How can democracy be understood in times of environmental crises, wars, and growing social indifference? And what if its foundation is something as basic as breathing?

These questions will be addressed in an international academic context by Dr Lenart Škof, Head of the Institute for Philosophical and Religious Studies at the Science and Research Centre (ZRS) Koper, who will appear as a visiting lecturer at Harvard University. Within the seminar Interdisciplinary Perspectives at the Weatherhead Center for International Affairs, he will present a lecture titled “Democracy as Shared Breath: Vulnerability, Ethics, and Religion in the Public Space.”
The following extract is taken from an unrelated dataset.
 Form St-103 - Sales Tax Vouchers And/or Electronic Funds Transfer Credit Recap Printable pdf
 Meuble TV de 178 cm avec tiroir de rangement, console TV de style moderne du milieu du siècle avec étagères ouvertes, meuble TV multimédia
More information about the seminar and registration is available HERE.

The conference will be held via Zoom on April 1 at 7 p.m. Central European Time.

The event is free of charge and open to all interested participants.

Democracy as “shared breathing”: a new philosophy of coexistence

In his lecture, Dr Škof develops an original concept of democracy as “co-breathing,” grounded in his so-called respiratory philosophy. He places at the center the idea that breathing – as a fundamental human experience – is also an ethical and political space in which human relations are formed.

In doing so, he draws on Richard Rorty’s neo-pragmatism and understands philosophy as a form of cultural politics. He interprets democracy as a community of vulnerable beings, where the experience of vulnerability enables genuine ethical coexistence – while also requiring protection from the forces of capital, systemic violence, and political indifference.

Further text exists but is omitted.